É claro que o autor não foi muito generoso na descrição de algumas de suas personagens, visto serem evidentes os nexos que estabelecem – quase numa relação de obviedade e, portanto, de causa e efeito imediatos – entre raça e imoralidade (ou lascividade!) de caráter e comportamento de mulheres negras tidas como naturalmente sensuais ou de homens negros tidos como naturalmente pernósticos.

Isto significa tanto uma expressão de preconceito de classe e raça (que o autor reproduz obviamente em cores e tons, por vezes, carregados de ironia e desprezo); quanto também, uma tendência apodítica e categórica (da elite intelectual daquela época), de conferir às representações do senso comum, fundamentos teóricos e conceituais com vigores epistemológicos e biologizantes, aproximando-os, por suposta semelhança, da ciência e da "verdade" para, com isso, trazer à ordem do discurso, temas de preocupação e relevância quanto a um projeto de país que ainda se encontrava embrionário e em busca de uma identidade nacional, tendo como modelo, justamente, a Inglaterra e a França.
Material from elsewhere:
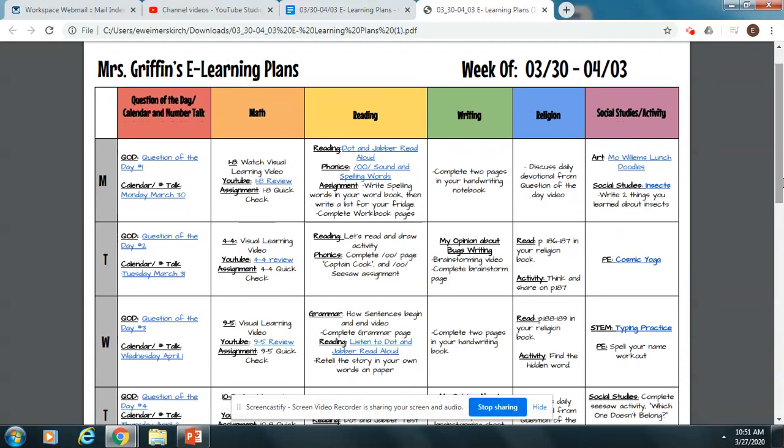Hey everyone! I just wanted to take some time and give you a quick tutorial of what our new lesson plans for the week are going to look like. I'm really excited to share them with you, as well as a few things that I've been able to create to help this at-home learning experience seem as close to school as it possibly can.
Aliás, esta é, inequivocamente, a posição de muitos cientistas neste momento. Eles1) inferiorizam e desprezam radicalmente indígenas e negros e 2) procuram estabelecer modelos politicamente orientados de mistura e miscigenação desses elementos com o indivíduo branco com fins de branqueamento ou embranquecimento da população, tal como se pode observar, por exemplo, nos escritos de Nina Rodrigues, em especial, na obra “As raças humanas e a responsabilidade penal no Brasil”, que, na virada do século XIX para o século XX, mais precisamente, em 1894, adjudica a tese da culpa criminal do negro, apenas por razões étnicas e raciais, mobilizando-se os estatutos médicos e jurídicos para legitimar as penas dirigidas à “pessoa de cor”.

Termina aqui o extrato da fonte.